Typical Dems.........

Ian Murray seamus2001 at home.com
Mon Jun 4 21:38:43 PDT 2001


LA mayoral contest turns nasty

Special report: George Bush's America

Duncan Campbell in Los Angeles Tuesday June 5, 2001 The Guardian

The election which could give Los Angeles its first Latino mayor for nearly 130 years has grown increasingly ugly and divisive in its final days. Smear tactics from the old school of city hall campaigning have dominated the final days, leading to calls for a criminal investigation into the conduct of the contest.

Antonio Villaraigosa, a charismatic liberal Democrat and former union organiser, hopes to become the city's first Latino mayor since 1872 in the run-off today. Standing in his way is the city attorney Jim Hahn, also a Democrat but of a more conservative complexion.

Mr Hahn's latest campaign commercials show a crack cocaine pipe and a photo of Mr Villaraigosa, drawing attention to Mr Villaraigosa's intervention on behalf of the convicted drug trafficker Carlos Vignali, pardoned by Bill Clinton during his last days in office.

Mr Villaraigosa received campaign money from Mr Vignali's father and wrote to Mr Clinton seeking clemency.

The commercial says that Mr Villaraigosa "falsely claimed that the crack cocaine dealer had no prior criminal record", and concludes: "Los Angeles can't trust Antonio Villaraigosa".

Mr Hahn's campaign has also suggested that his rival, a former local president of the American Civil Liberties Union, is soft on crime and gangs - a key campaign issue.

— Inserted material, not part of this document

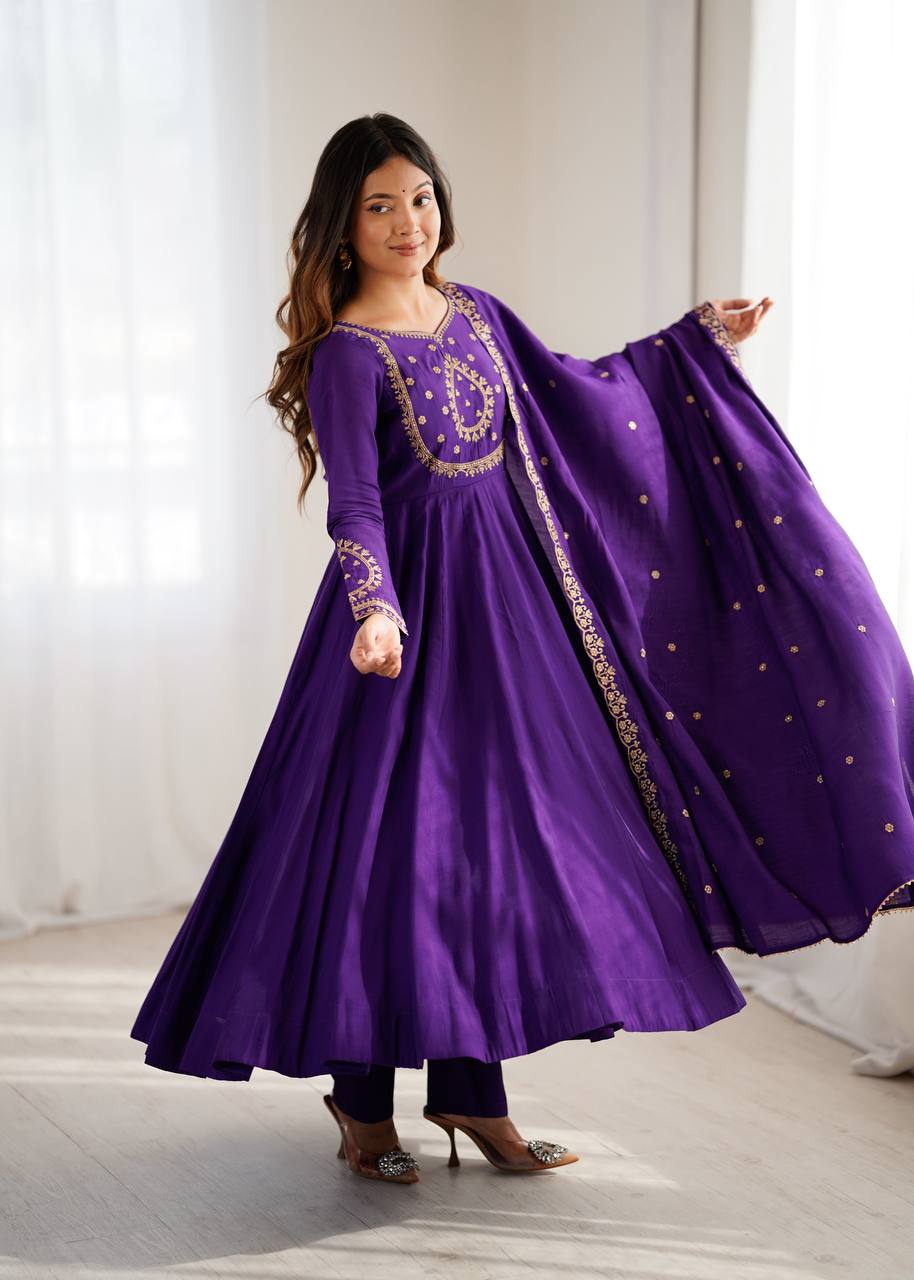 Fully Flared Purple Anarkali Dress with Embroidery and Beads Work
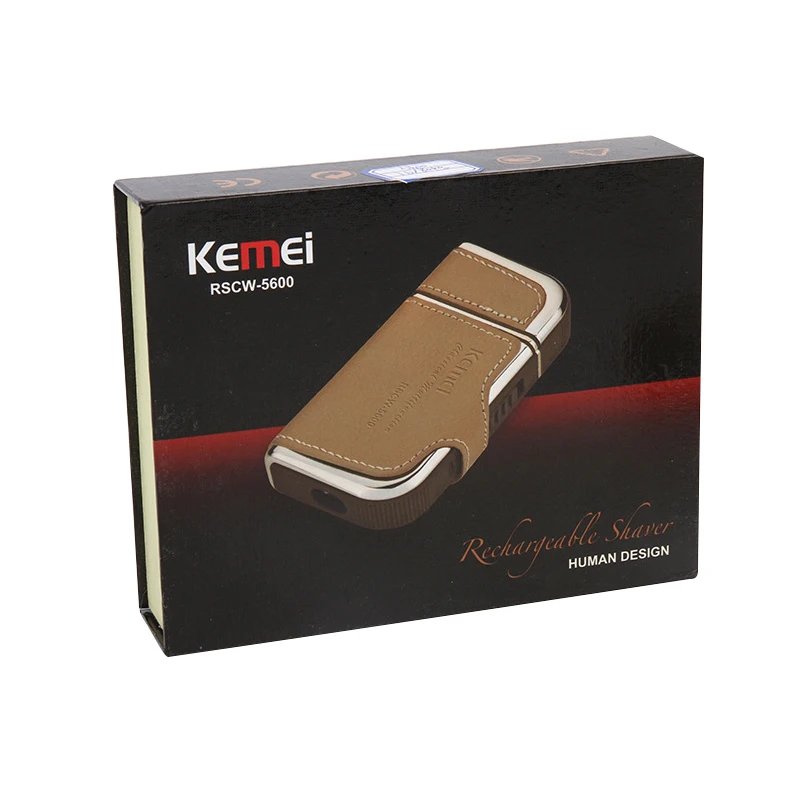 Kemei KM-5600, мужская электробритва, бритва в винтажном стиле, кожа, обернутая, перезаряжаемый триммер для усов, бороды, бритвенный станок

The increasingly bitter contest has opened rifts in LA's diverse ethnic communities. Mr Hahn is a white man and his father, Kenneth, was a respected city supervisor who fought for civil rights; the family name still carries great weight with the city's African-American voters, and this has caused some tension.

"That dark little secret - the divide at the heart of America's racial and ethnic politics - has been exposed by the contest for mayor," the commentator Richard Rodriguez wrote in the LA Times at the weekend.

"In America's largest Hispanic city, a majority of African-American voters are expected to side with the white candidate against the Hispanic candidate."

Mr Villaraigosa, 48, comes from east LA, the city's low-income Latino heartland. He dropped out of secondary school but went to night school and graduated in law from UCLA.

He was an organiser for the United Teachers union, was elected to the state assembly in 1994, and was its speaker from 1998 until last year.

Married with four children, he has the backing of the unions, civil rights groups, Jesse Jackson, women's and gay groups and, more surprisingly, the outgoing Republican mayor, Richard Riordan.

Mr Hahn, 50, lives in the harbour area of the city and has degrees in English and law from Pepperdine, a Christian university in Malibu.

After private law practice, he became a city attorney and introduced injunctions to stop gang members assembling. Married with two children, he is backed by the police union and luminaries such as the basketball legend Magic Johnson. He also has strong support from the conservative white voters in the San Fernando Valley.

An LA Times poll last week showed Mr Hahn leading by 7%, with 13% undecided, resulting in frantic last-minute campaigning.

The paper suggested that Mr Hahn "represents the risk of stagnation at a time when this dynamic city can least afford it. We go with aspiration. We go with the daring that built Los Angeles".